◆ WHAT YOU NEED TO DO: Below is a listing to write out in full, exactly as given, without its pictures.

◆ EXERCISE DATA:

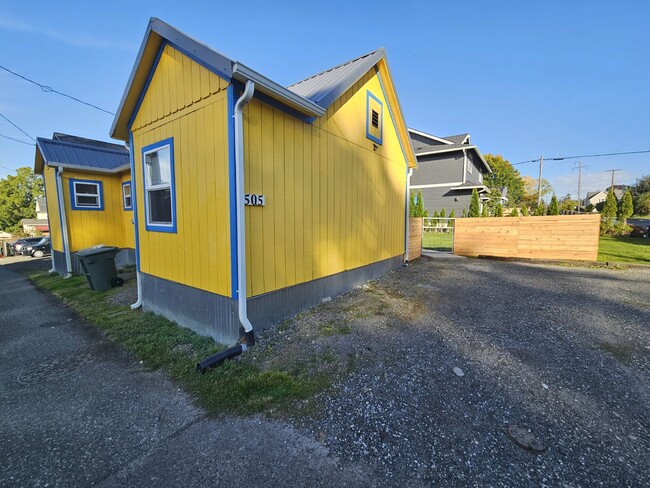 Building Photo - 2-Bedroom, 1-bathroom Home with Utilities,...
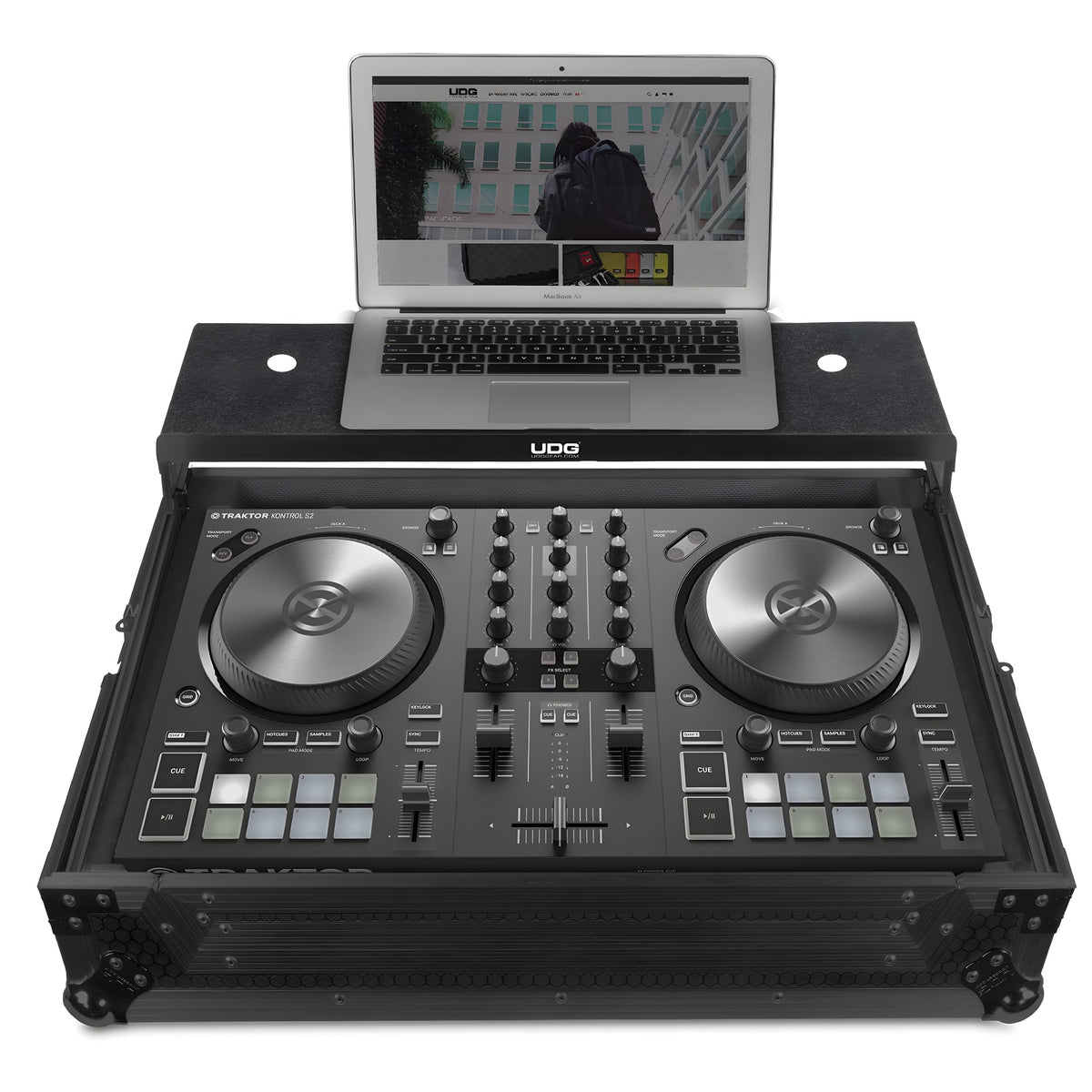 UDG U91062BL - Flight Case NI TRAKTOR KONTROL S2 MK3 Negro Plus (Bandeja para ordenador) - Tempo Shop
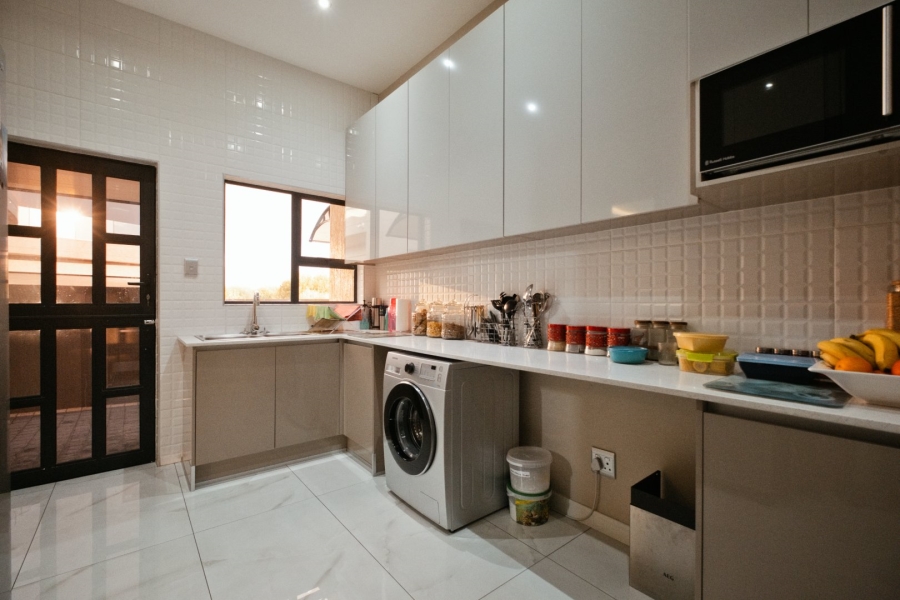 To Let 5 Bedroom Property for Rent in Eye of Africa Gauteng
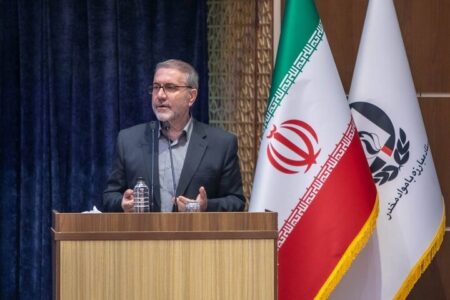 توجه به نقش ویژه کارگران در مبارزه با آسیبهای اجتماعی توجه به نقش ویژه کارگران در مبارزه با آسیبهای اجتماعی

◆ SOLUTION TO THIS EXERCISE:
 Building Photo - 2-Bedroom, 1-bathroom Home with Utilities,...
 UDG U91062BL - Flight Case NI TRAKTOR KONTROL S2 MK3 Negro Plus (Bandeja para ordenador) - Tempo Shop
 To Let 5 Bedroom Property for Rent in Eye of Africa Gauteng
 توجه به نقش ویژه کارگران در مبارزه با آسیبهای اجتماعی توجه به نقش ویژه کارگران در مبارزه با آسیبهای اجتماعی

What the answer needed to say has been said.